“Es La Faulta De Las Victimas!”
I am constantly annoyed by news reports describing the crisis in the housing and loan industry wrought by “unqualified buyers”. The insinuation is that lower-income individuals, with poor- or little credit history, have ruined everything for everybody by not being able to make their mortgage payments. Exuberant lenders, the perceived wisdom goes, gave loans to people that didn’t earn enough to pay the money back.

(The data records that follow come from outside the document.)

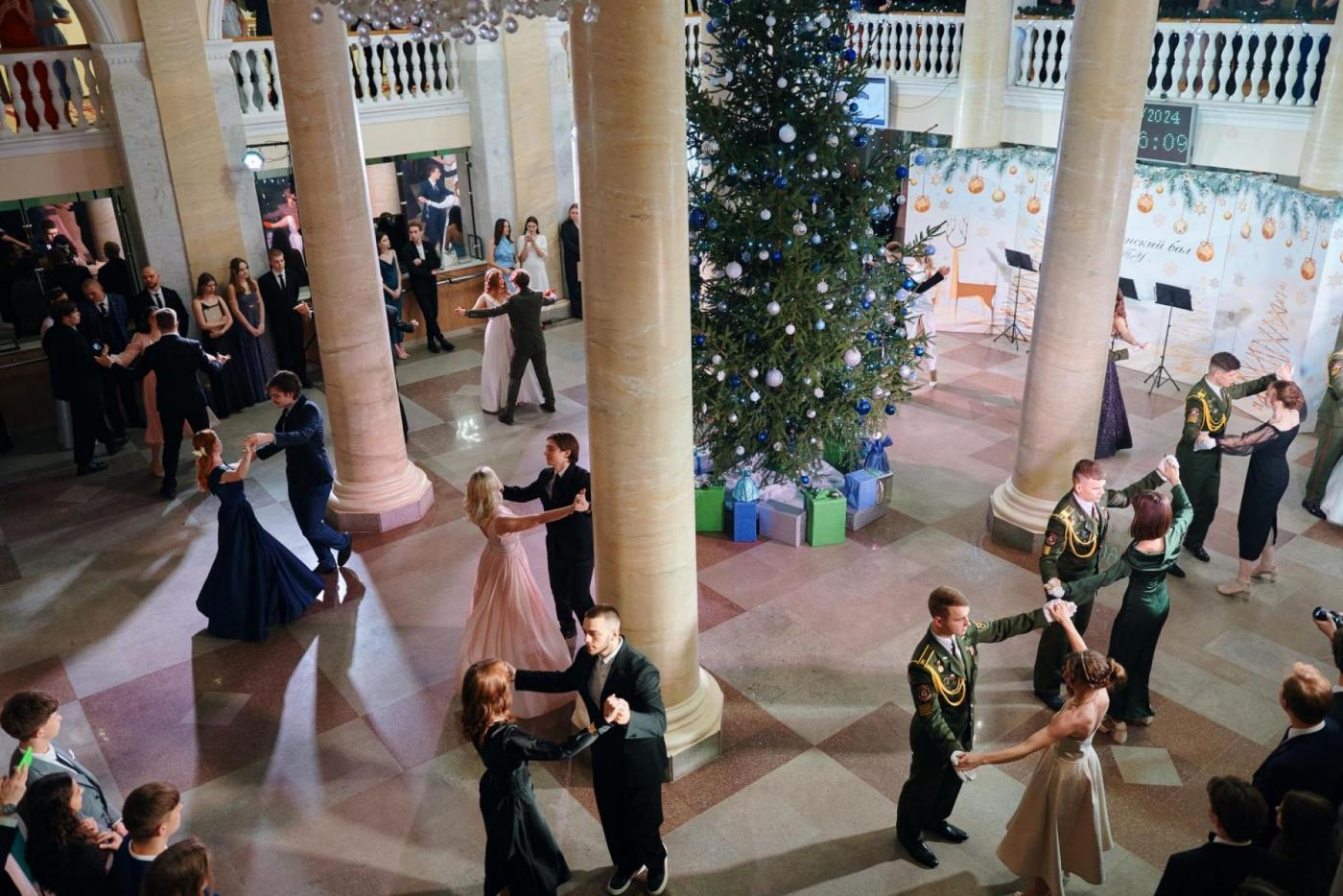 «Раз-два-три, раз-два-три…». Рождественский бал студентов прошел в БНТУ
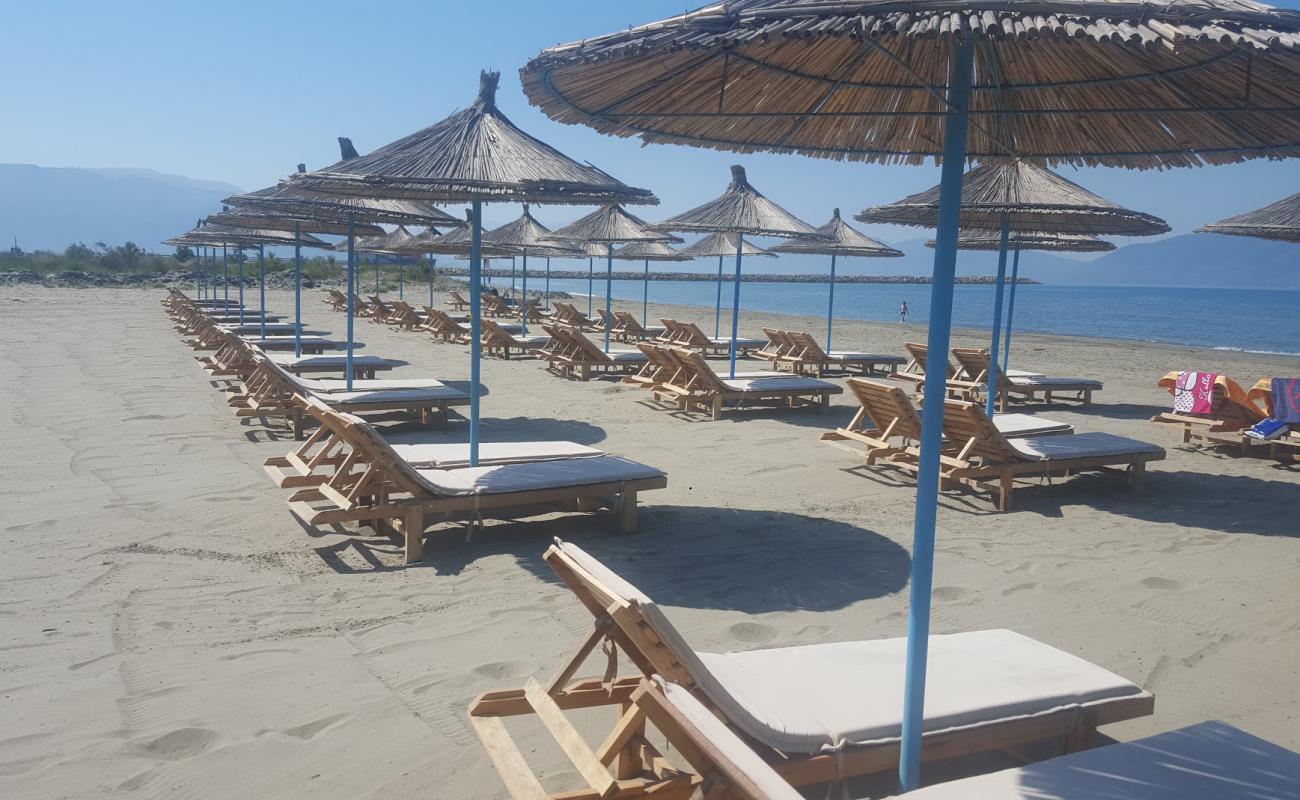 Narta beach II'in fotoğrafı i̇nce kahverengi kum yüzey ile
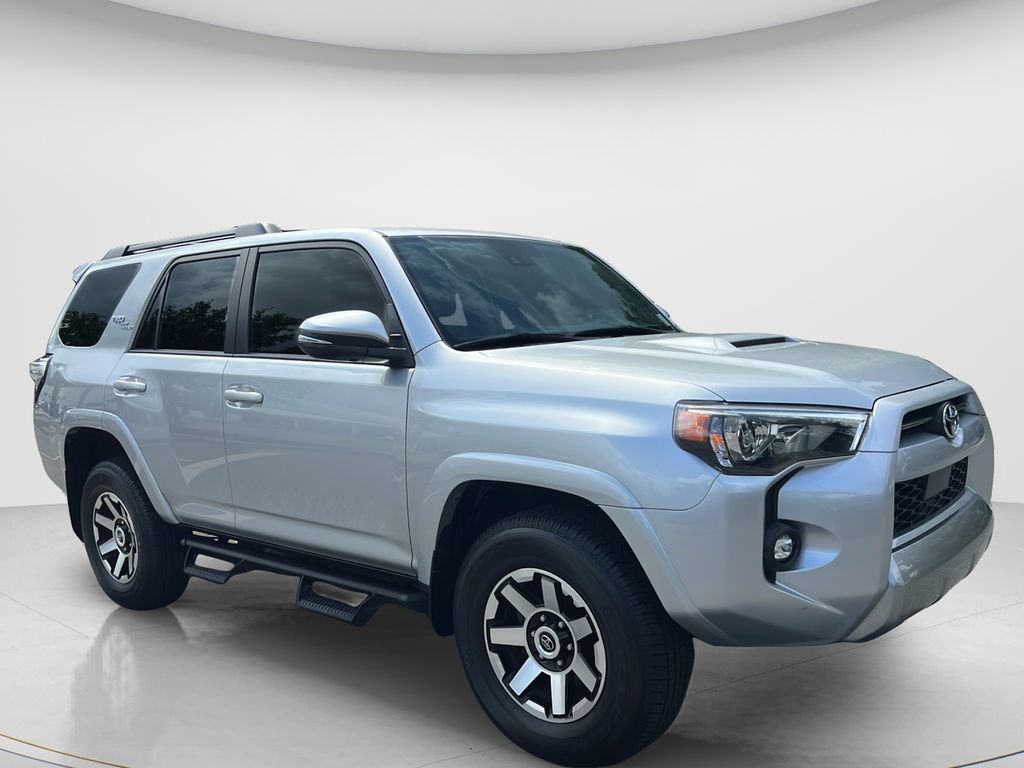 Used 2023 Toyota 4Runner TRD Off-Road Premium w/ Moonroof Package AWD/4WD image 3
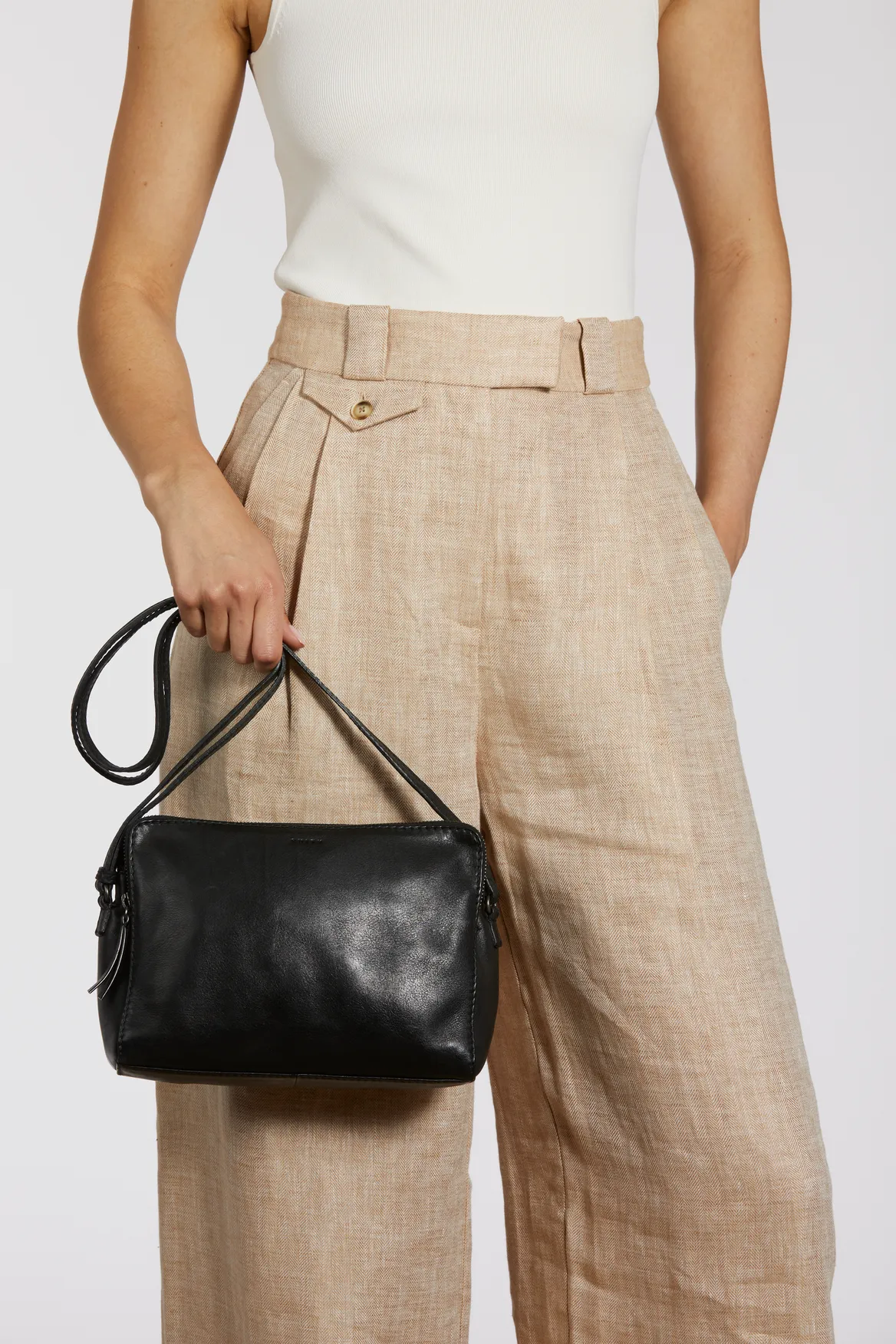 Maya Leather Crossbody Bag Strandbags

To me this smacks of blaming the victim. The reason these people cannot make their mortgage payments isn’t that they had poor credit history, or didn’t earn enough. They cannot afford to make their mortgage payment because unscrupulous lenders trapped them in crippling adjustable-rate loans. Brokers and lenders, in search of bigger and bigger profits, targeted individuals desparate for the American Dream of home-ownership. These borrowers ought, of course, to have had attorneys present to represent their interests, though I doubt they suspected bad-faith on the part of the lenders.
Now that the inflated housing market has softened, I find it loathesome to see the blame for it all heaped on the shoulders of the very people who are now facing forclosure. Why doesn’t the mortgage industry–and the media–recognize this simple fact: if these “sub-prime” borrowers had been offered traditional 30-year loans, they’d still be making their payments, and everyone would be happy.